Local invention in interstate glory
PROMINENT Gympie engineering firm J Smith and Sons is being transported to national glory as it flattens the competition in health and safety awards all over the eastern part of mainland Australia.
A delighted managing director, Kerren Smith, yesterday said the company has continued to claim award after award for its hugely successful new car transport trailer, a world leading invention which has wowed them here and interstate.
As The Gympie Times reported last month, the new product, extensively used by the Toll transport organisation, won a coveted Queensland award for solving an identified health and safety risk.
Now it has taken out similar awards all over the place, as a result of its capacity to eliminate the danger of workers falling from awkward positions while fastening cars to the top deck of a conventional trailer.
"If they fall, they are 3m from the ground," the firm's engineering manager Kevin McDonnell said at the time.

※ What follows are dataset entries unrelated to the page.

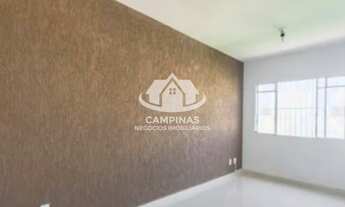 Imagem: APARTAMENTO 2 DORMITÓRIOS VILA MARIETA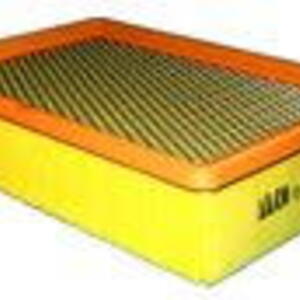 Vzduchový filtr ALCO FILTER MD-9328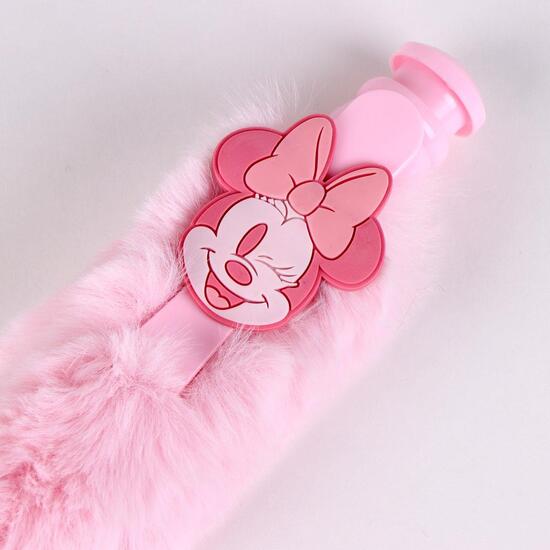 BOLÍGRAFO PELUCHE MINNIE image 3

The new and much safer loading system, built into the trailer, allows workers to fasten vehicles even to its top-most deck, without leaving the ground.
The "Flatback" trailer, developed on-site at the company's Gympie Industrial Estate headquarters, involves a complex hydraulic system which allows it to lower the over-the-cabin deck to near ground level for loading.
Both deck and car are then hoisted into place automatically. Now it has topped its Queensland award, for addressing an identified health and safety risk, by winning runner up in New South Wales and taking top prizes in Victoria and South Australia.
"Because the trailer is used by Toll all over Australia, it is eligible for entry into awards in other States as well," Mr Smith said yesterday.
"New South Wales had a first prize and two runner-up awards and we got one of those.
"Then we won in Victoria and last Friday we won in South Australia as well."
Each of those State awards puts the company in the running for national awards in Canberra next year.
"It's amazing," Mr Smith said. "In Victoria and South Australia we were the only small private enterprise. "The rest were the big end of town. One of the ones against us was a major electricity producer.
"The presentations were at functions with about 800 guests from major companies and government agencies. It was a full range of industries," he said.